Entscheidungen für den Artenschutz insgesamt positiv
Der strenge Schutz der Tiger bleibt bestehen. Das Ansinnen Chinas scheiterte, den Bedarf an Tigerprodukten aus gezüchteten Tigern zu decken. „Tigerzucht kann keine Lösung sein“, so Vivek Menon vom IFAW-Indien. „Der Handel mit Tigerteilen, auch wenn sie aus Zuchten stammen, wird den Markt anheizen. Und am Ende ist es sehr viel billiger einen der letzten 5000 in Freiheit lebenden Tiger zu wildern als einen in der Zucht aufzuziehen. Glücklicherweise hat eine Mehrheit dies verhindert“.
Verboten bleibt der internationale Handel von Walfleisch oder anderen Teilen der sanften Riesen. Auch erkannten die Delegierten erstmals die Schwierigkeiten der Kontrolle und das bedrohlich wachsende Ausmaß des Internethandels an.

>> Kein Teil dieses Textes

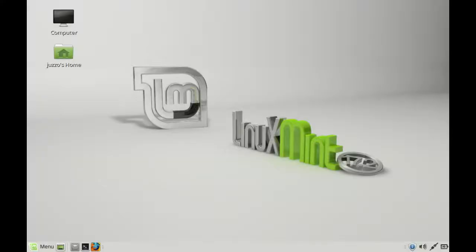G'day YouTube. This video will show you how to install the Steam gaming software on Linux Mint 17.2.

Eine IFAW Studie registrierte in Großbritannien allein in einer Woche über 9.000 illegale Wildtier-Angebote - darunter lebende Tiere und Produkte aus Tierkörperteilen.
Algerien beantragt den Schutz der Cuviergazelle. Die in Nordafrika lebende Gazellenart ist inzwischen durch Wilderei und Lebensraumverlust stark bedroht. Mit Unterstützung der EU einigten sich die Nationen im Konsens auf eine Aufnahme der Gazellenart auf Anhang I und verbietet damit den internationalen Handel.
Schlechter erging es den Nashörnern und Leoparden. Trotz geringen Bestandszahlen und Wilderei bleibt die Trophäenjagd auf diese Arten möglich.
„Insgesamt konnten wir doch einiges für den Artenschutz hier erreichen,“ so Pueschel. „Es ist ein großer Erfolg für die Elefanten und Tiger. Was uns allerdings Sorge bereitet ist eine zunehmend wirtschaftliche Betrachtungsweise. Bei fast jedem Thema und in vielen Argumenten stand der kurzfristige wirtschaftliche Nutzen im Mittelpunkt. Dabei geht es doch darum die Arten langfristig zu erhalten, um eine ökologisch nachhaltige Nutzung zu ermöglichen. Die grundlegende Idee der Konvention ist doch, den Einbruch der Populationen zu verhindern“ erinnert Peter Pueschel zusammendfassend am letzten Tag der CITES-Konferenz.